Ka isn’t the only rapper Roc has influenced: Jersey’s Retch and Dash, and Buffalo’s Westside Gunn and Conway, also come to mind. “It’s not a secret. It’s been documented that I’ve inspired a lot of cats,” Roc continues. “But my thing is, I feel like all these brothers, they’re helping. What I brought to the game, they’re making it even more popular. That means a lot to me, man. I hold that dear.”
Marciano’s recent run was inspired by watching his newborn son grow while making his sophomore album, Reloaded, in 2012. “I was making a lot of the tracks at the crib with my son there,” he says. With a beaming look in his eyes, Roc continues, “He was rolling around in the walker, you know what I’m saying? I got to see his face while I was making stuff. That was a lot of fun.”

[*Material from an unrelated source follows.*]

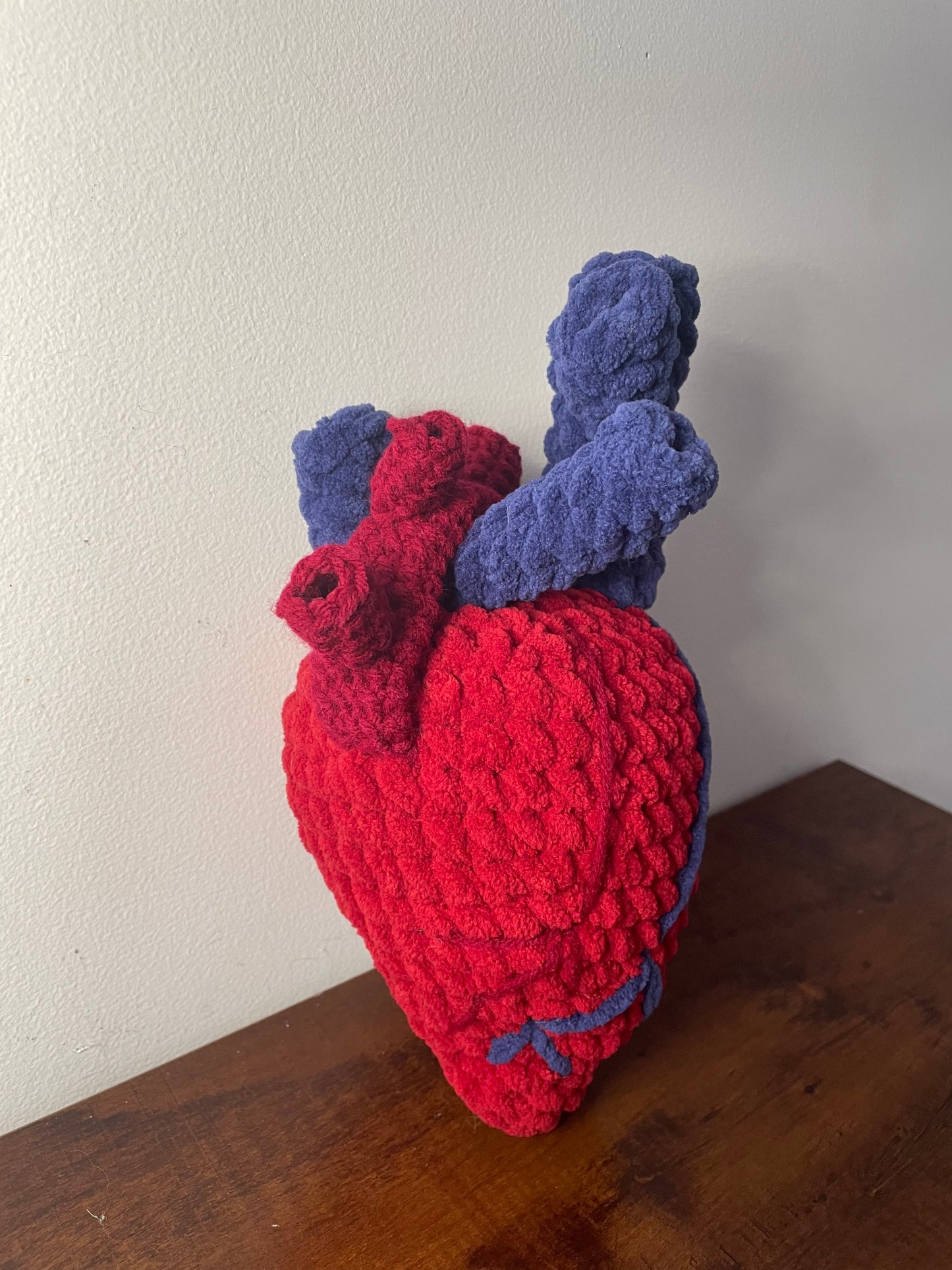 Crochet Anatomical Heart Plush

He had success releasing The Pimpire Strikes Back and Marci Beaucoup in back-to-back months in 2013, so saturating the market isn’t new for Marciano. “I had flooded it before, so I knew that felt good,” he says. “I had a son, so once I got situated and back into my groove, I put myself back in a position to be able to do that again.”
In 2019, Roc has shown no signs of slowing down. He recently posted a photo on Instagram of himself in the studio with Ka and producer Animoss, so we might finally get the Ka x Roc Metal Clergy album the streets have been whispering about. His feature on Retch and GriMM Doza’s After the Verdict also has fans clamoring for a collab album from the two.
As it remains, Roc Marciano has been running New York’s underground like Peter Gatien once ran the city’s nightclub scene. Similar to the way Gatien’s impact on nightlife culture in NYC was felt after he was forced to close down his clubs in the late ‘90s, Marci’s influence can be heard in the music of a growing number of rappers and producers, nearly 10 years after the release of Marcberg.
He’s not done innovating and inspiring, either. Roc wants to push the limits of his creativity this year, and he’s eyeing the possibility of producing a full project for another rapper. “I’m just getting started,” he says. “You’re gonna hear a lot of different styles from me. There’s definitely artists I want to produce full tapes for.”
As we finish our meal, Marciano ends the conversation with a boastful proclamation: “My taste in music is so vast that it's just the tip of the iceberg.” His 2019 just might fair better than his monster 2018. As long as Roc Marciano is still in the game, rap will never get stale. He’s smoother than textures in a pimp’s dresser, after all.